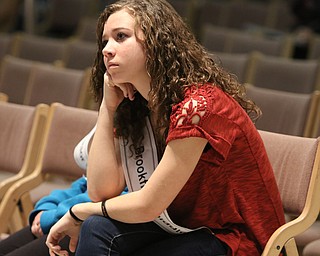        ROBERT K. YOSAY  | THE VINDICATOR.     .Brookfield Middle School Kaelyn Johns..(8)  with a look of determination.. spells her word ...West Branch eighth grade student Macey Stancato wins the 84th Regional Spelling Bee spelling the championship word "sarcoidosis" correctly..Poland's Sophie Sainato won second place and four-time returnee Angela McKenna from Girard won third place...-30-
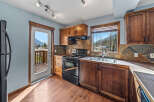 This stunning kitchen boasts a warm and inviting atmosphere, perfect for culinary creations and family gatherings.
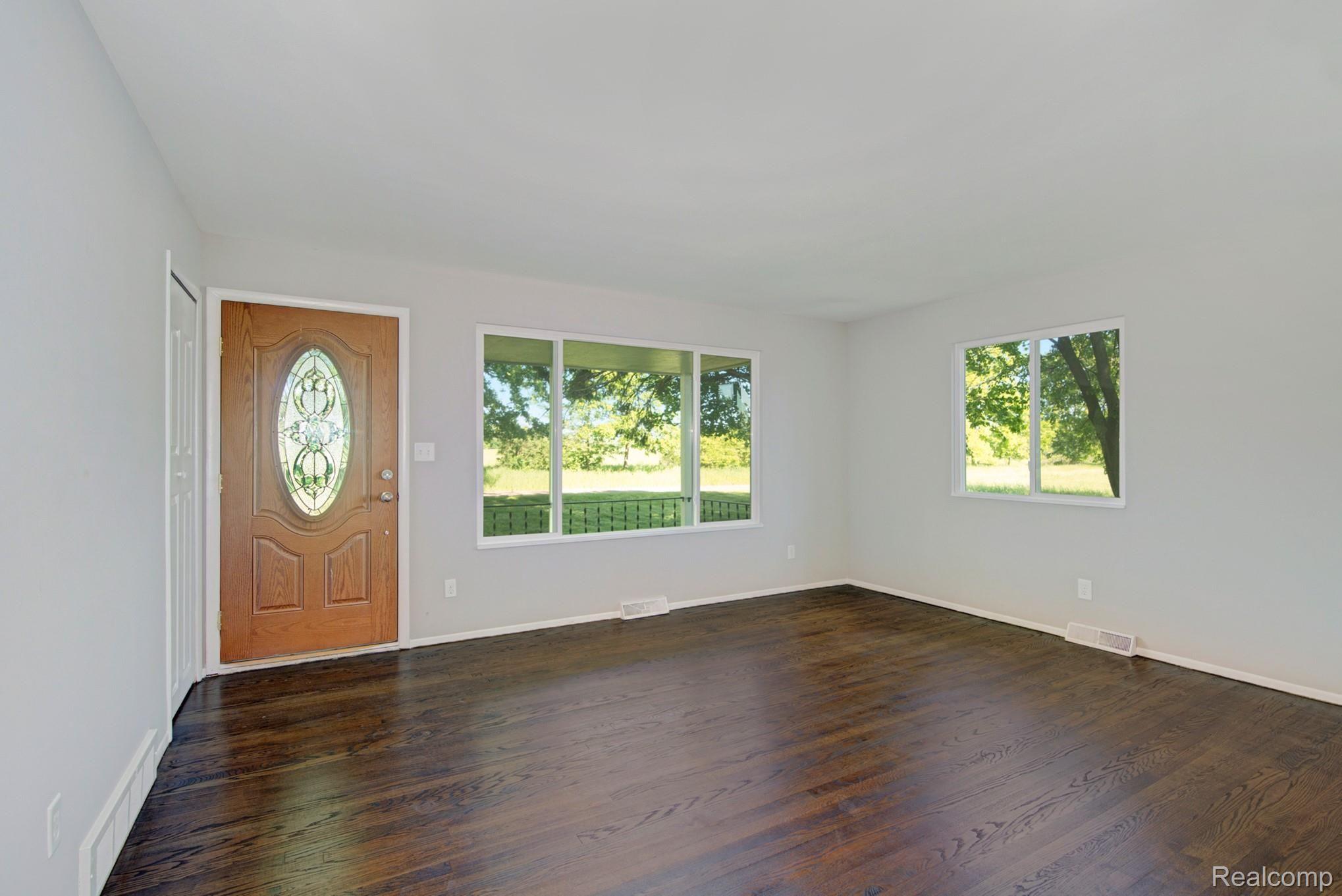3680 North Gregory Road Fowlerville, MI 48836 - Photo 7 of 24 Living room has gorgeous hardwood flooring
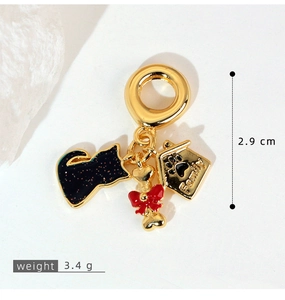 Detail of gold charms showing house with Family engraving and measurement of 2.9 cm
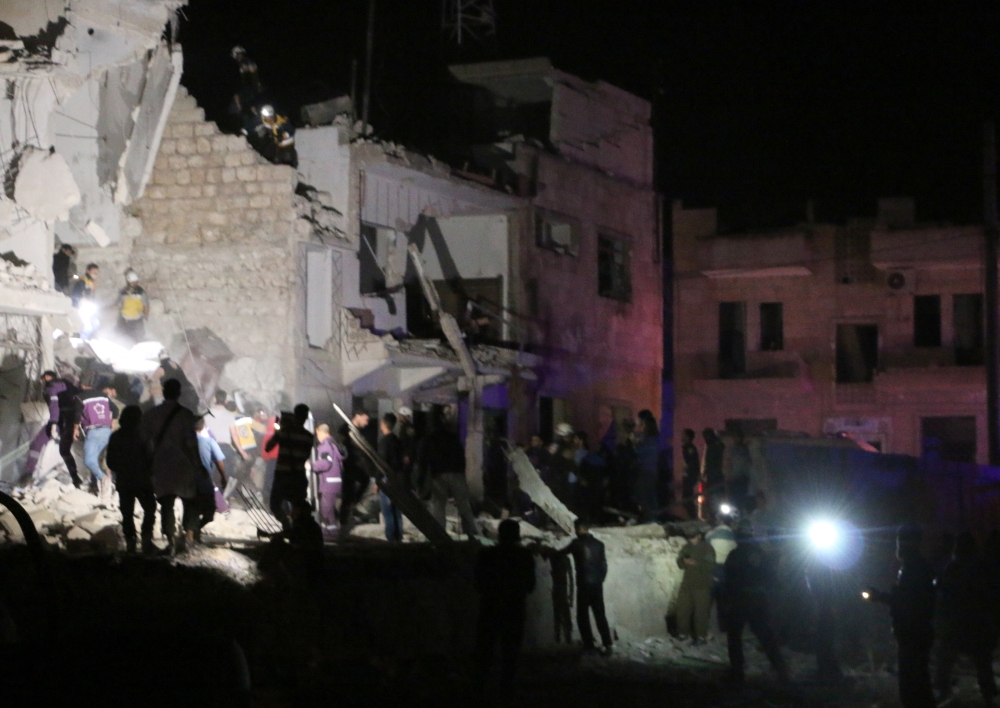 Civil defence crews and locals conduct search and rescue works after a bomb laden car explodes in front of the district hospital near the court house in Idlib, Syria on May 12, 2018. At least 12 people died and 25 injured. Khalaf Joumaa - Anadolu 
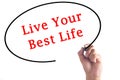 Hand writing Live Your Best Life on transparent board Royalty Free Stock Photo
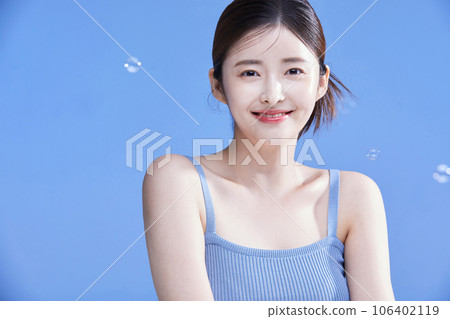 beauty concept photo of korean asain beautiful woman smiling with soap bubbles 106402119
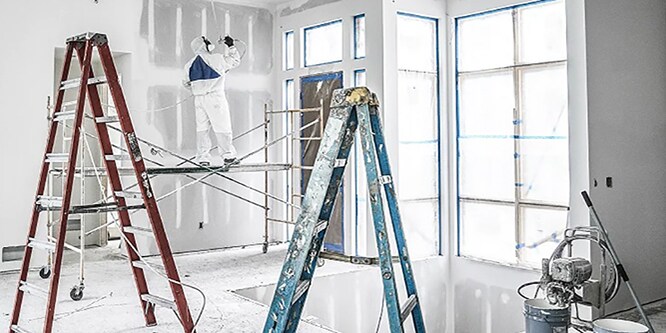 Professioneller Dekorateur auf einer Leiter - Wände streichen
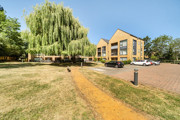 Apartment building with parking spaces, a lawn, and a footpath.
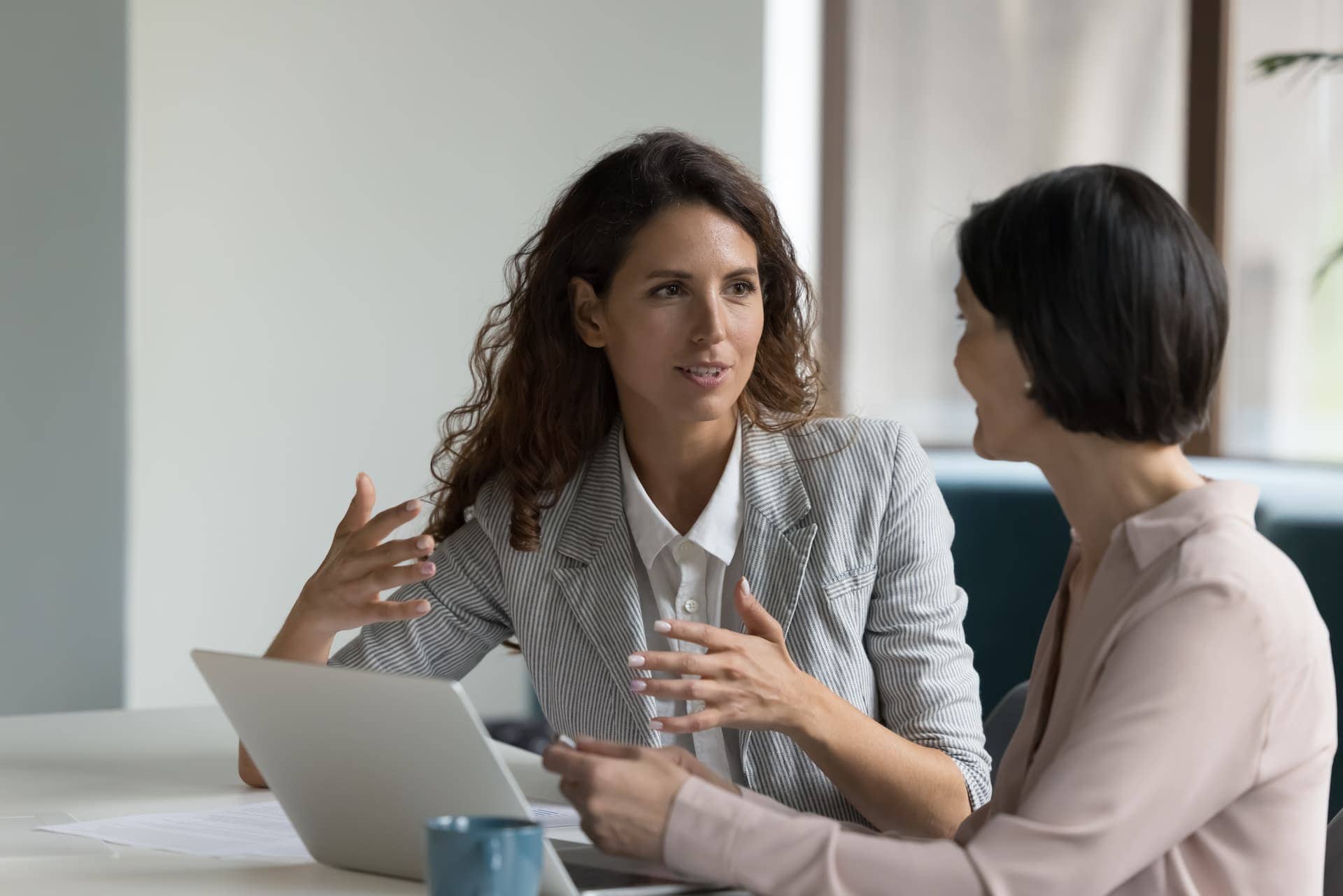 A professional woman engaged in a coaching session with her coach in an office setting, discussing growth and development opportunities.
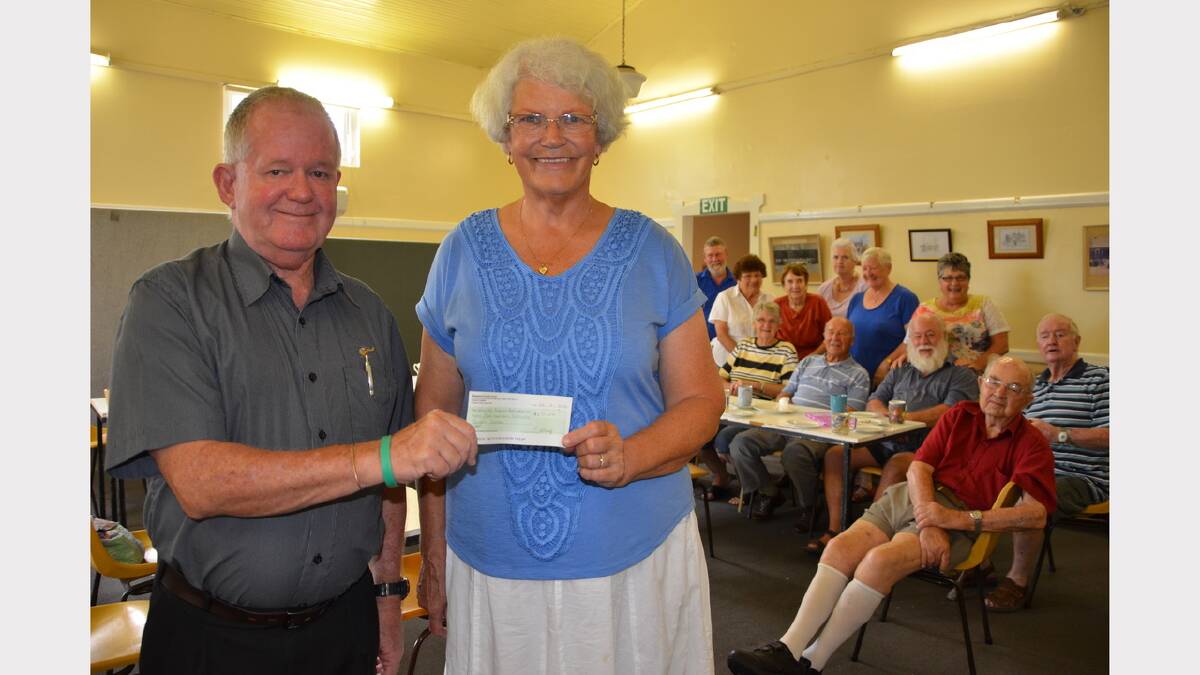 Barry Walton from the Westpac Rescue Helicopter Service accepting the cheque from Cuppa and Chat organiser Pauline Aboody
*****
▶ Task statement
Without any picture, return exactly the lines of the records above from the first through the line that contains "Detail of gold".

▶ Response area
        ROBERT K. YOSAY  | THE VINDICATOR.     .Brookfield Middle School Kaelyn Johns..(8)  with a look of determination.. spells her word ...West Branch eighth grade student Macey Stancato wins the 84th Regional Spelling Bee spelling the championship word "sarcoidosis" correctly..Poland's Sophie Sainato won second place and four-time returnee Angela McKenna from Girard won third place...-30-
 This stunning kitchen boasts a warm and inviting atmosphere, perfect for culinary creations and family gatherings.
3680 North Gregory Road Fowlerville, MI 48836 - Photo 7 of 24 Living room has gorgeous hardwood flooring
 Detail of gold charms showing house with Family engraving and measurement of 2.9 cm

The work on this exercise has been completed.